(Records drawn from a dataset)
----

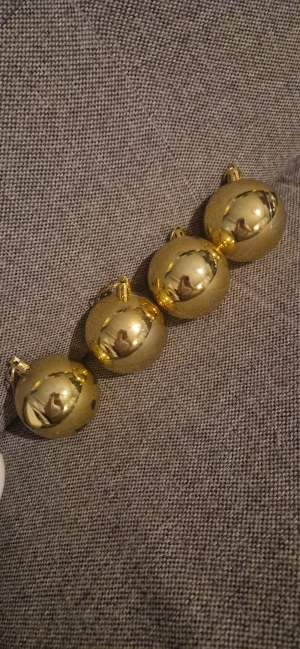 Guld julkulor  - Julkulor, glänsande guldfärgade. Guldkulor ger en klassisk och festlig känsla till julgranen eller annan pynt och kan kombineras med andra färger som rött eller silver. Använda men inga synliga defekter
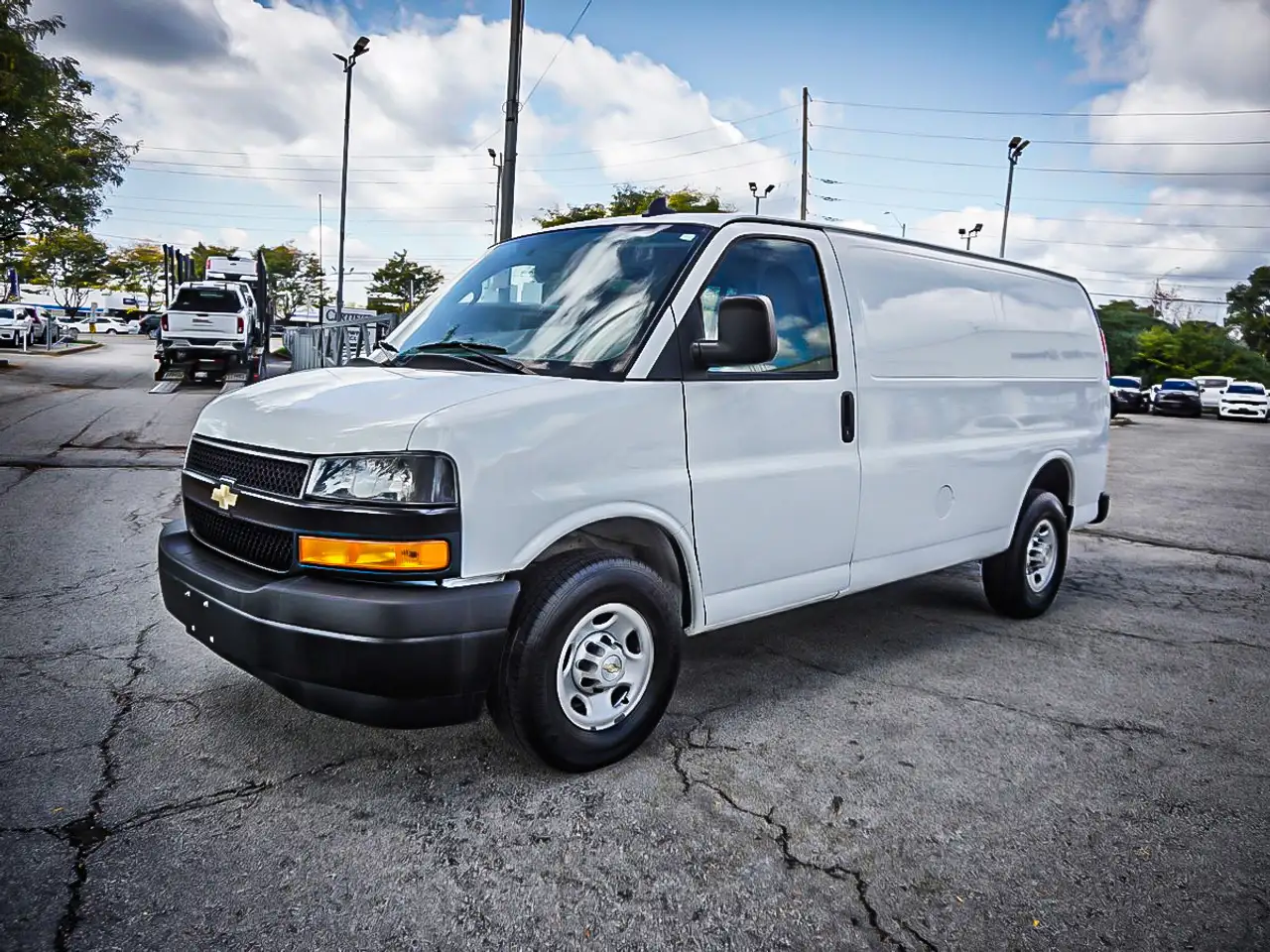 Chevrolet Express 2500 снимка Chevrolet Express 2500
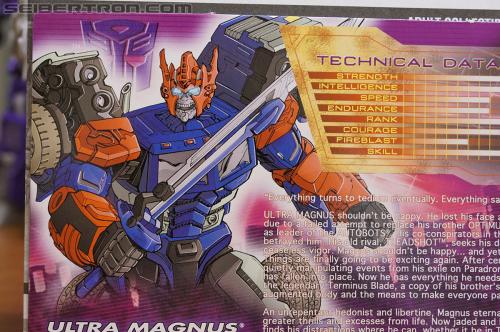 BotCon 2012: Exclusives - Transformers Event: DSC05975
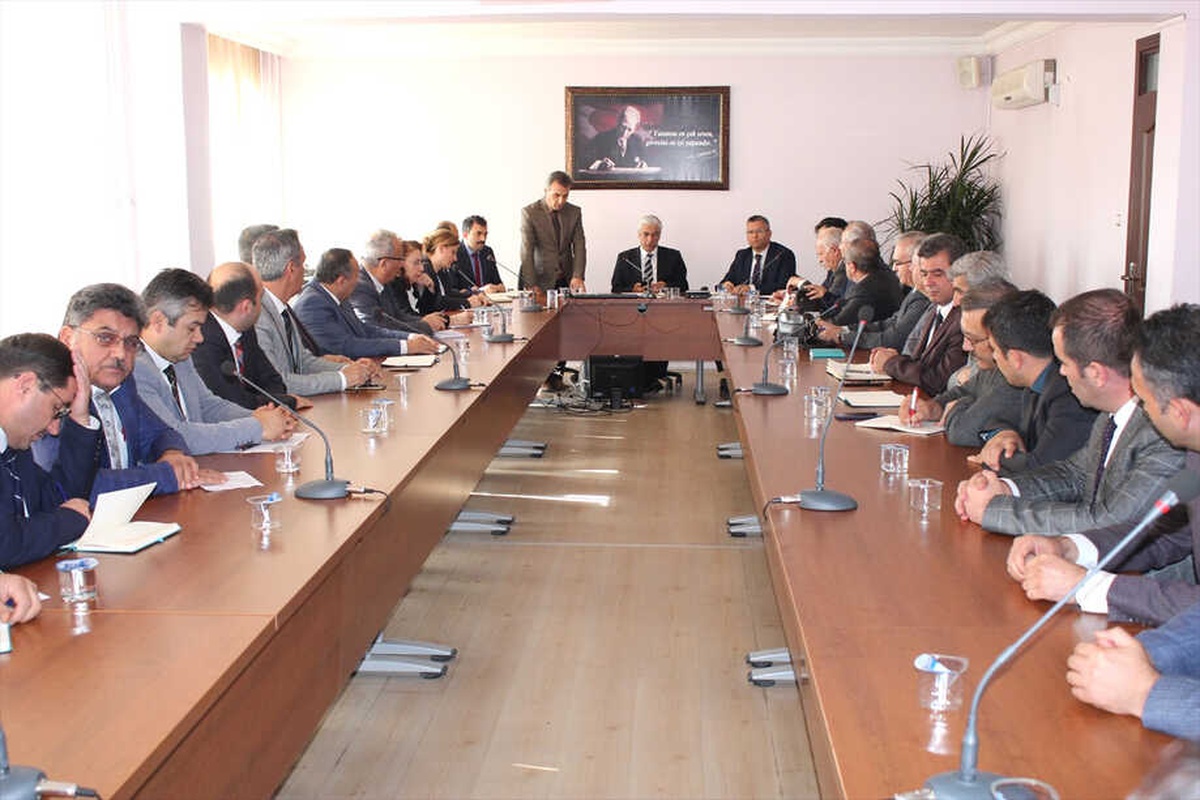 Kaymakam Kanyılmaz Okul Müdürleri ile Toplantı Yaptı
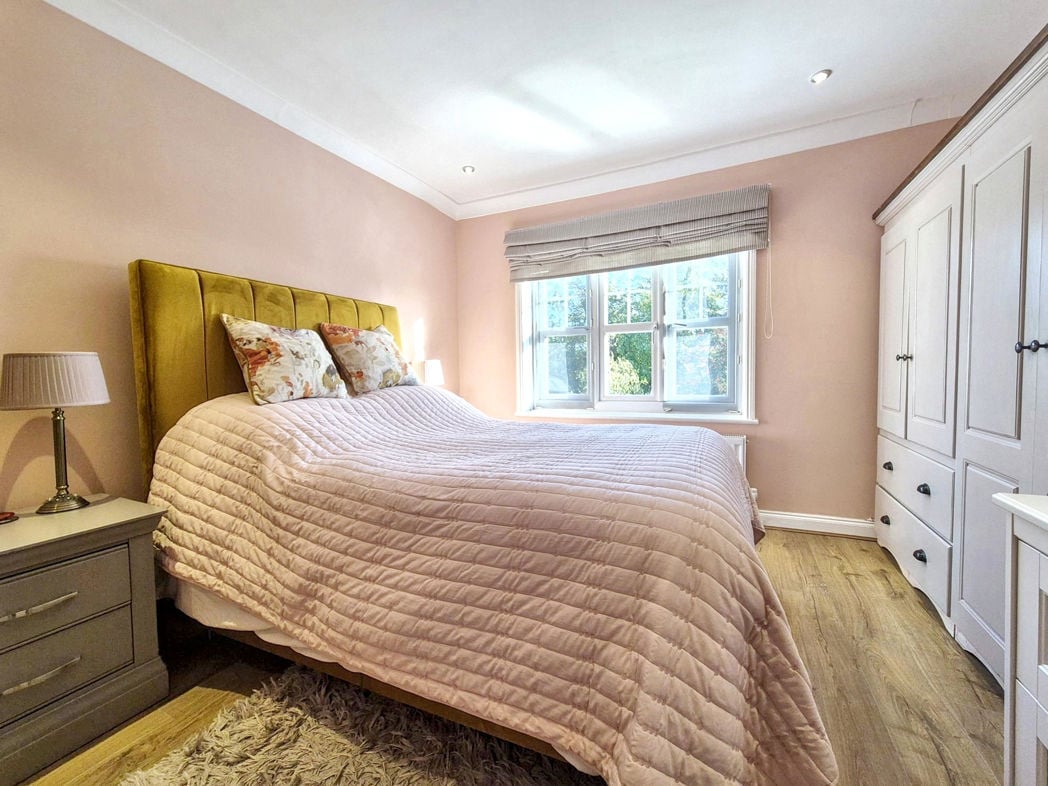 Property image 18 of 36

----

ACTION ITEM
The result should be the same data as above, line for line, with the pictures gone.

EXERCISE RESULT
 Guld julkulor  - Julkulor, glänsande guldfärgade. Guldkulor ger en klassisk och festlig känsla till julgranen eller annan pynt och kan kombineras med andra färger som rött eller silver. Använda men inga synliga defekter
 Chevrolet Express 2500 снимка Chevrolet Express 2500
 BotCon 2012: Exclusives - Transformers Event: DSC05975
 Kaymakam Kanyılmaz Okul Müdürleri ile Toplantı Yaptı
 Property image 18 of 36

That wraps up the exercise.